**PROMPT:**
Copy each line of the records exactly, stopping only after the line that contains "Üsküdar Belediyesi'nde seçim ertelendi" has been written, and leave pictures out.

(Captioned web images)

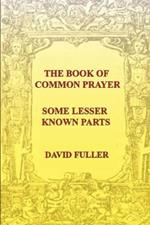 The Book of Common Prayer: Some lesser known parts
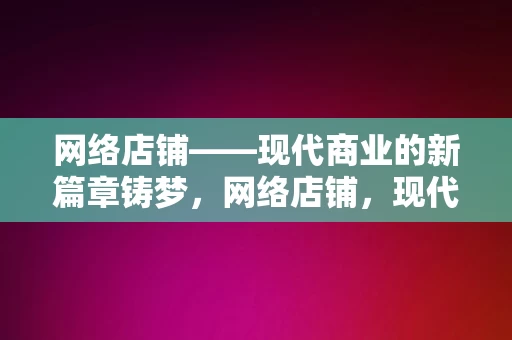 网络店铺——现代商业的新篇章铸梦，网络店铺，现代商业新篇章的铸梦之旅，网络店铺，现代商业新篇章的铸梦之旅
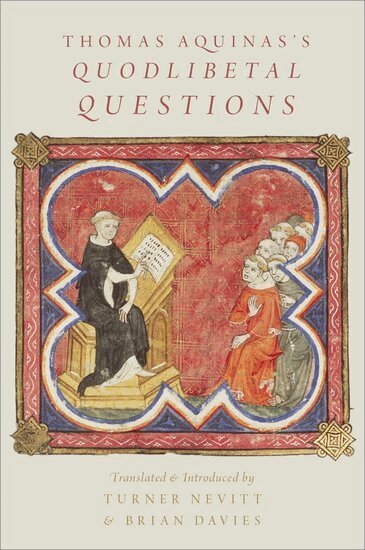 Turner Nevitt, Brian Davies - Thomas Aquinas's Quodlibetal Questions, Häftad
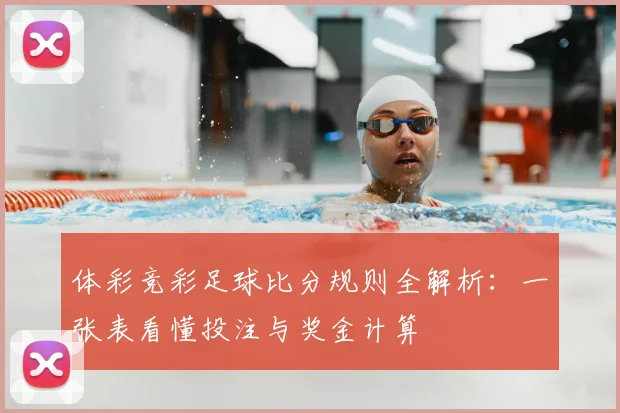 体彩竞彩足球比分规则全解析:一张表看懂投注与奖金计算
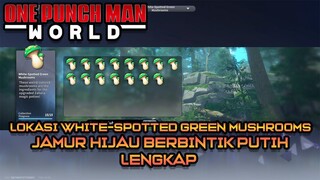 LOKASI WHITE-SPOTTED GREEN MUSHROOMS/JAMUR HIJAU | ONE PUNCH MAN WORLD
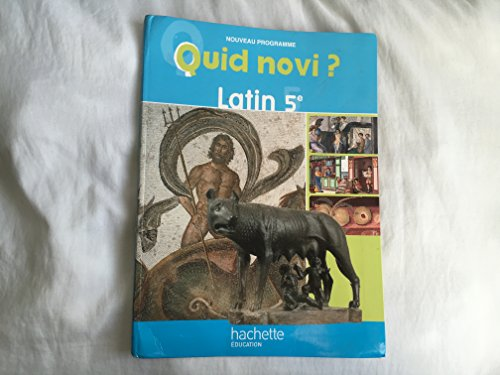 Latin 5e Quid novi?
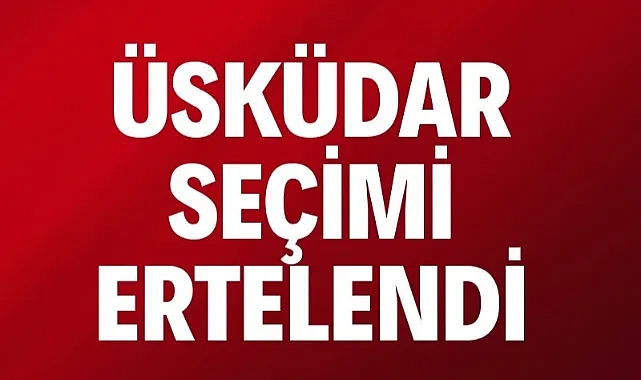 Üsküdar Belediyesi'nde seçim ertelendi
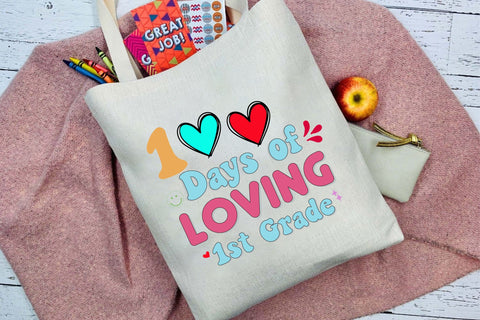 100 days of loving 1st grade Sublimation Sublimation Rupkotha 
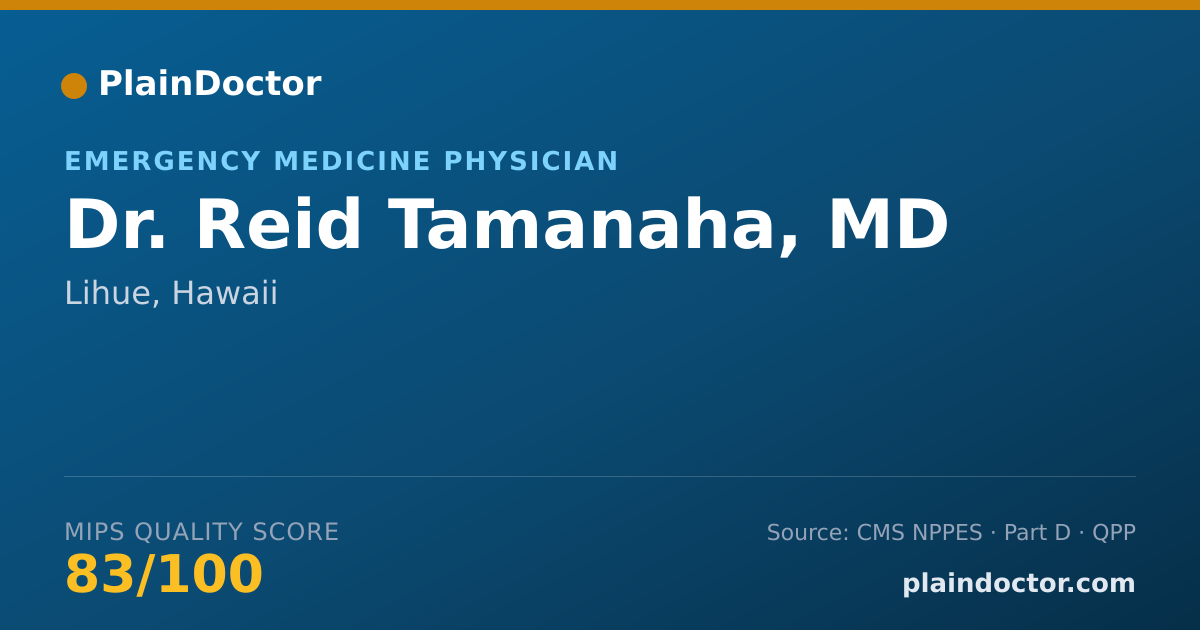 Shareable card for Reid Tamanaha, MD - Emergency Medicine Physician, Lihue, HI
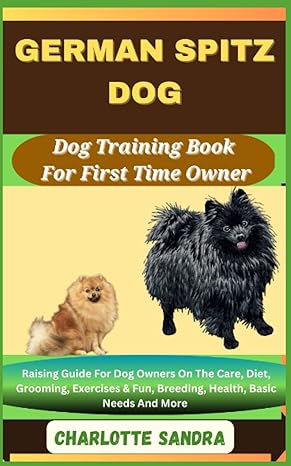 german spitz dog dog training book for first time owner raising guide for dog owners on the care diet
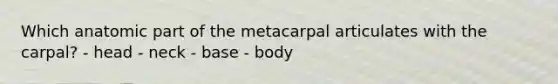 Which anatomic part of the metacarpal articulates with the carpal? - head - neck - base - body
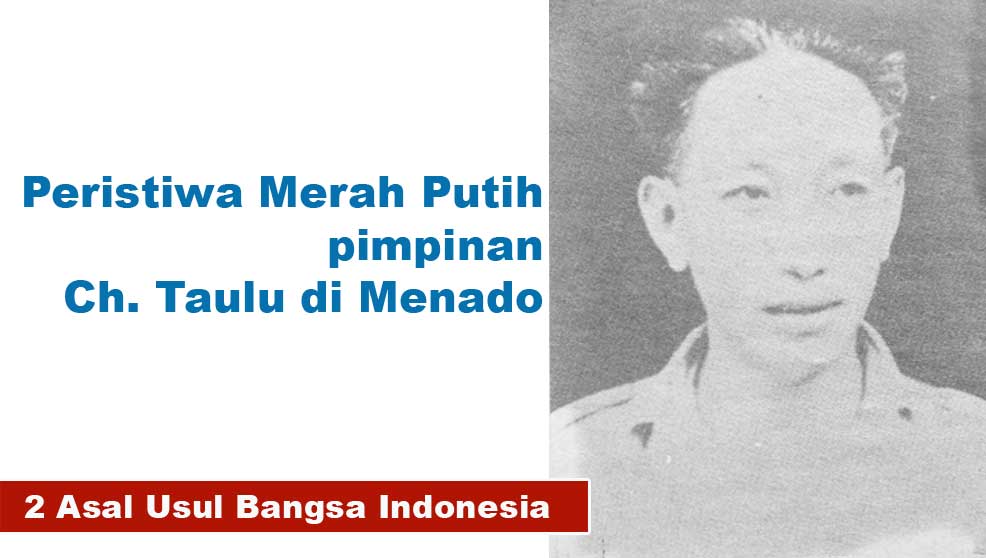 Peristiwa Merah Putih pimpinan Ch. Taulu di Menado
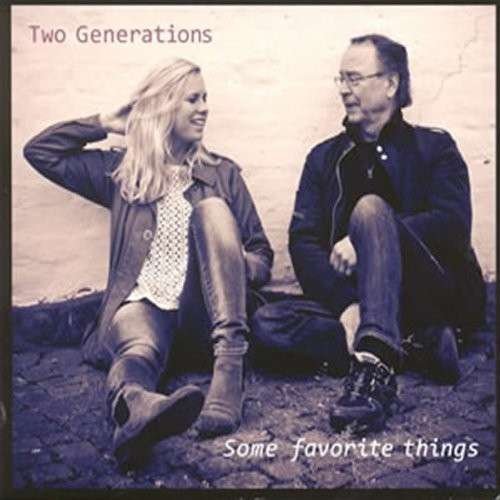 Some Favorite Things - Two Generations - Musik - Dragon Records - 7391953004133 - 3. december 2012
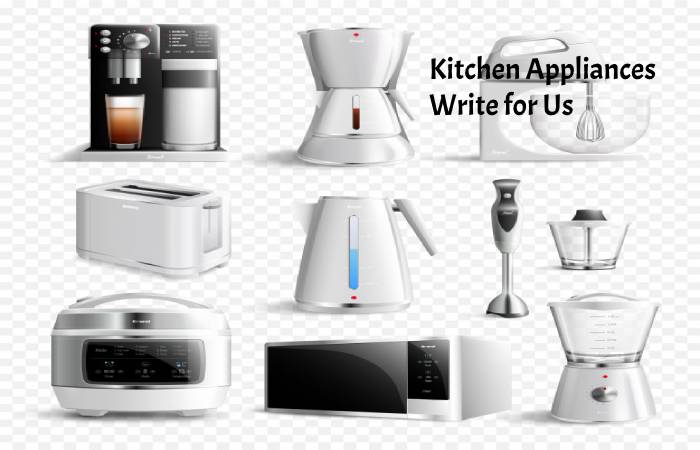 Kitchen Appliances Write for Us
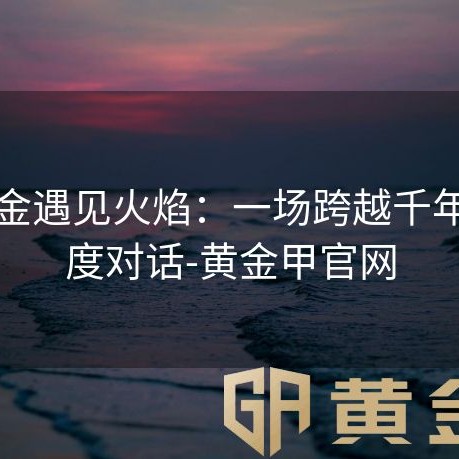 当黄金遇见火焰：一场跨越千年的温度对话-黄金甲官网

**WRITTEN RESPONSE:**
 The Book of Common Prayer: Some lesser known parts
 网络店铺——现代商业的新篇章铸梦，网络店铺，现代商业新篇章的铸梦之旅，网络店铺，现代商业新篇章的铸梦之旅
 Turner Nevitt, Brian Davies - Thomas Aquinas's Quodlibetal Questions, Häftad
 体彩竞彩足球比分规则全解析:一张表看懂投注与奖金计算
 LOKASI WHITE-SPOTTED GREEN MUSHROOMS/JAMUR HIJAU | ONE PUNCH MAN WORLD
 Latin 5e Quid novi?
 Üsküdar Belediyesi'nde seçim ertelendi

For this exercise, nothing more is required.